## BRIEF
Omit all pictures, then retype exactly the lines from the one that contains "2019 - Image 4" through the end of the listing.

==================================================

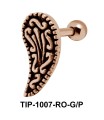 Intricate Design Upper Ear TIP-1007
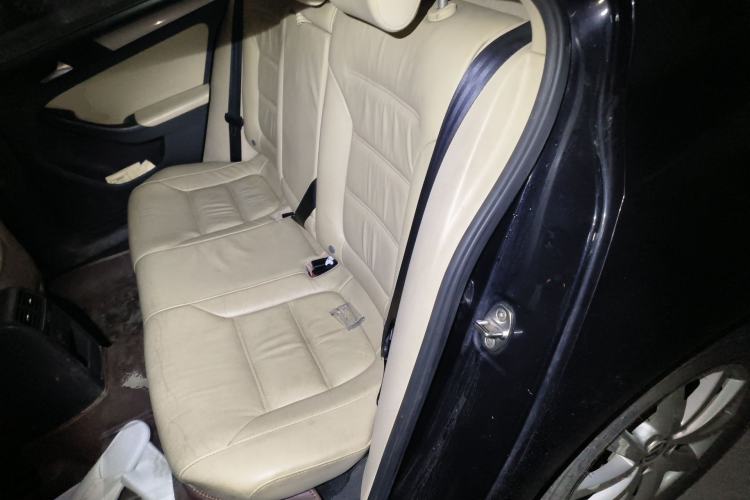 Used Volkswagen Sagitar 2012 1.6L Automatic Comfort Edition Left Rear Seat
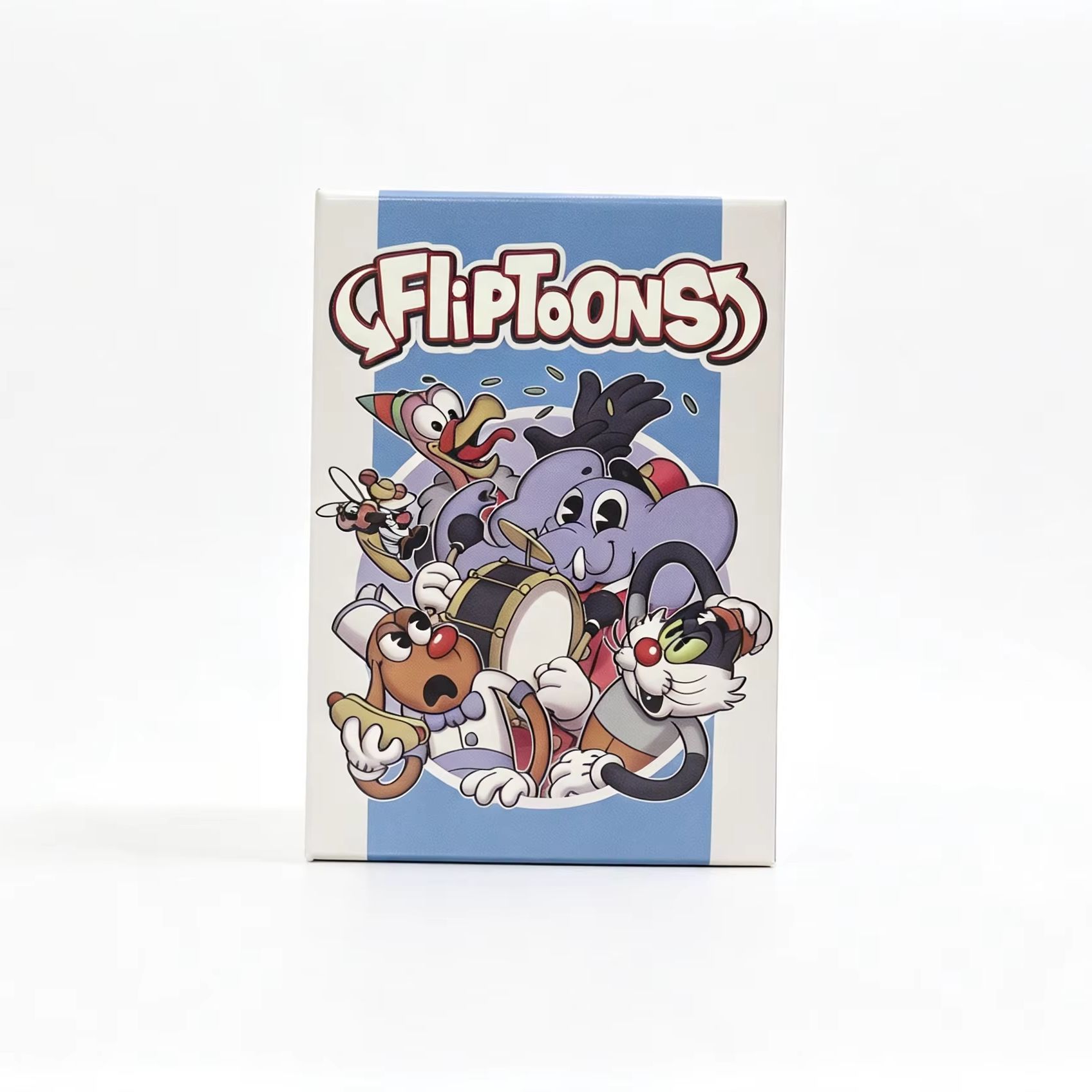 Board Game Table - FlipToons Masa Oyunu | Animasyonlu Bir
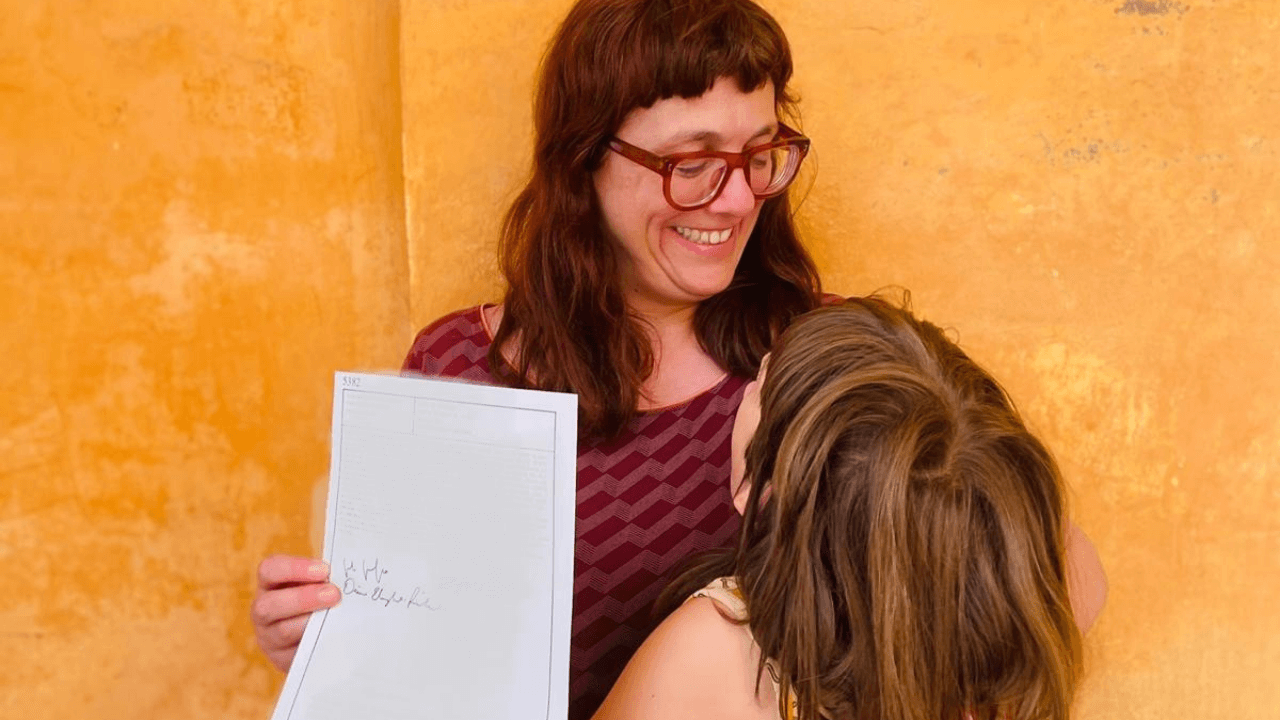 Dante e la sua mamma
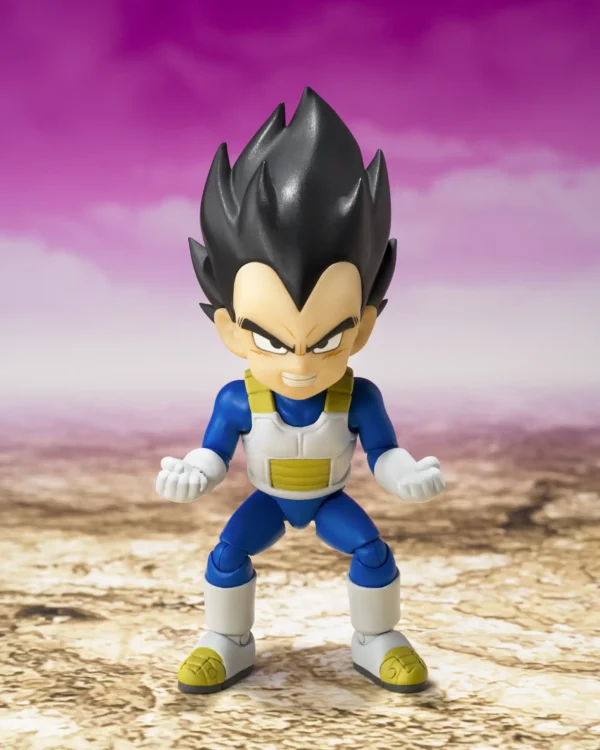 S.H.Figuarts VEGETA (MINI) DAIMA - Image 2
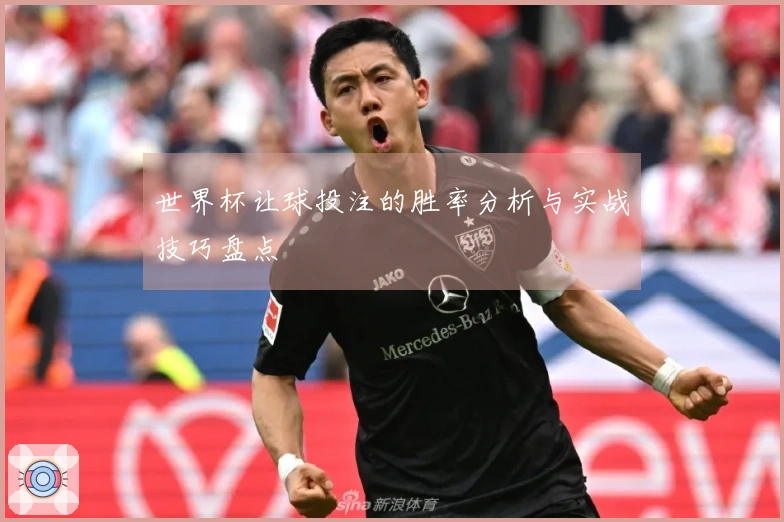世界杯让球投注的胜率分析与实战技巧盘点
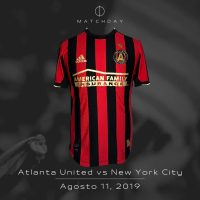 Gonzalo “Pity” Martinez – Match worn – PHOTOMATCH – Atlanta United – MLS 2019 - Image 4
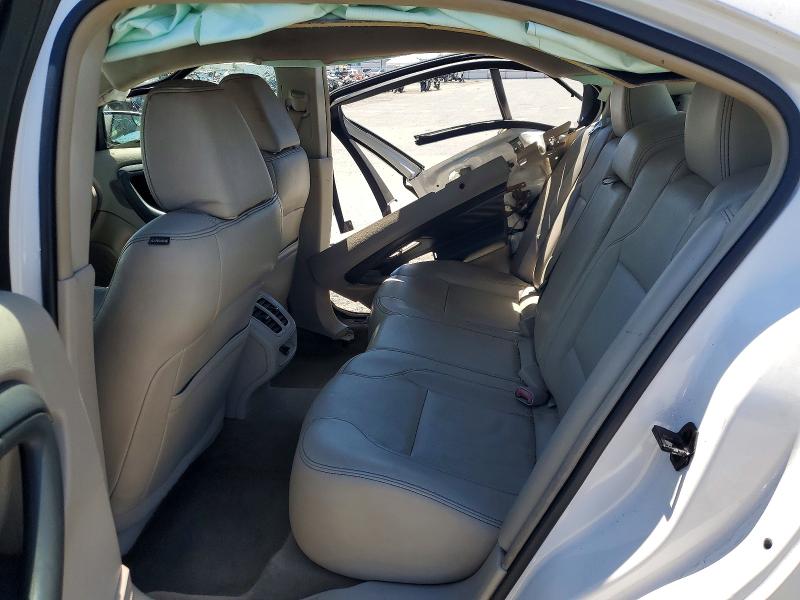 2012 Ford Taurus მანქანა იყიდება აუქციონზე, vin: 1FAHP2EW4CG103043, აუქციონის ნომერი: 58151606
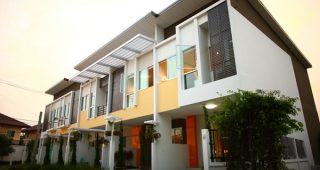 ทาวน์โฮม ซิตี้เซนส์ รามอินทรา 109 - วัชรพล CITY SENSE RAMINTRA-WATCHARAPOL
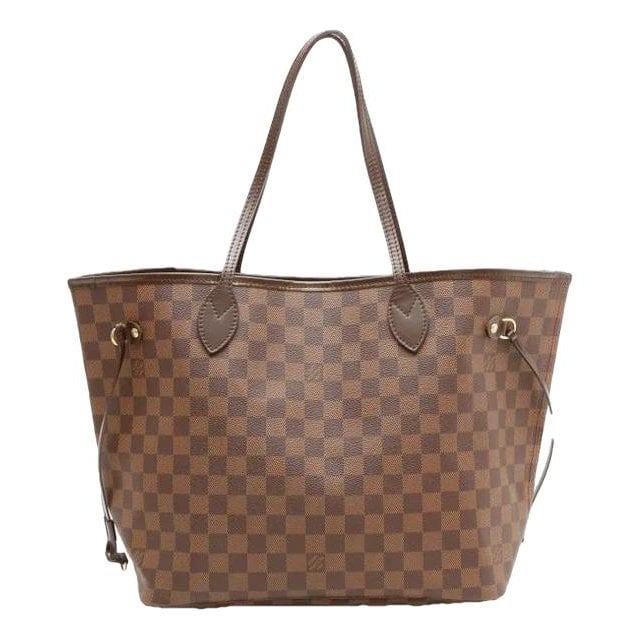 Neverfull cloth tote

==================================================

## REPLY
 Gonzalo “Pity” Martinez – Match worn – PHOTOMATCH – Atlanta United – MLS 2019 - Image 4
 2012 Ford Taurus მანქანა იყიდება აუქციონზე, vin: 1FAHP2EW4CG103043, აუქციონის ნომერი: 58151606
 ทาวน์โฮม ซิตี้เซนส์ รามอินทรา 109 - วัชรพล CITY SENSE RAMINTRA-WATCHARAPOL
 Neverfull cloth tote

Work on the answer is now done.